After you start a Databricks cluster, use the initialization notebooks -- 7.0 notebook to setup execution.

The initialization notebooks will perform the following steps:

  1. Downloading the CUDA, Rapids-4-spark and Rapids XGBoost4j Spark jars
  2. Creating a new directory for initialization script in Databricks file system (DBFS)
  3. Creating an initialization script inside the new directory to copy jars inside Databricks jar directory
  4. Download and decompress the Sample Mortgage Notebook dataset

After executing the steps in the initialization notebook, please follow the 1. Cluster initialization script and 2. Install the xgboost4j_spark jar in the cluster to ensure it is ready for XGBoost training.
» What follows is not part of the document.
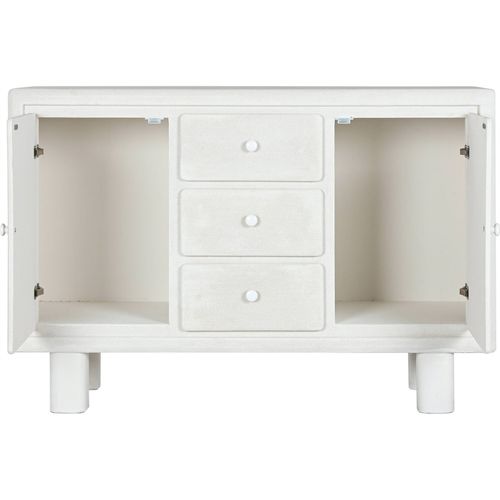 Buffet Blanc Design Rugueux En Mdf Et Épicéa Style Moderne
Add cluster initialization script and Spark Configs

  1. See Initialization scripts for how to configure cluster initialization scripts.

  2. Edit your cluster, adding an initialization script from dbfs:/databricks/init_scripts/init.sh in the "Advanced Options" under "Init Scripts" tab

  3. Now select the “Spark” tab, and paste the following config options into the Spark Config section. Change the config values based on the workers you choose.

    spark.plugins com.nvidia.spark.SQLPlugin
    spark.rapids.memory.gpu.pooling.enabled false
  4. Reboot the cluster

Install the xgboost4j_spark jar in the cluster

  1. See Libraries for how to install jars from DBFS
  2. Go to "Libraries" tab under your cluster and install dbfs:/FileStore/jars/${XGBOOST4J_SPARK_JAR} in your cluster by selecting the "DBFS" option for installing jars

These steps will ensure you are able to import xgboost libraries in python notebooks.

Import the GPU Mortgage Example Notebook

  1. See Managing Notebooks on how to import a notebook.
  2. Import the example notebook: XGBoost4j-Spark mortgage notebook
  3. Inside the mortgage example notebook, update the data paths from "/data/datasets/mortgage-small/train" to "dbfs:/FileStore/tables/mortgage/csv/train/mortgage_train_merged.csv" "/data/datasets/mortgage-small/eval" to "dbfs:/FileStore/tables/mortgage/csv/test/mortgage_eval_merged.csv"

The example notebook comes with the following configuration, you can adjust this according to your setup. See supported configuration options here: xgboost parameters

params = { 
    'eta': 0.1,
    'gamma': 0.1,
    'missing': 0.0,
    'treeMethod': 'gpu_hist',
    'maxDepth': 10, 
    'maxLeaves': 256,
    'growPolicy': 'depthwise',
    'minChildWeight': 30.0,
    'lambda_': 1.0,
    'scalePosWeight': 2.0,
    'subsample': 1.0,
    'nthread': 1,
    'numRound': 100,
    'numWorkers': 1,
}
  1. Run all the cells in the notebook.

  2. View the results In the cell 5 (Training), 7 (Transforming) and 8 (Accuracy of Evaluation) you will see the output.

--------------
==> Benchmark: 
Training takes 6.48 seconds
--------------

--------------
==> Benchmark: Transformation takes 3.2 seconds

--------------

------Accuracy of Evaluation------
Accuracy is 0.9980699597729774

* The timings in this Getting Started guide are only illustrative. Please see our release announcement for official benchmarks.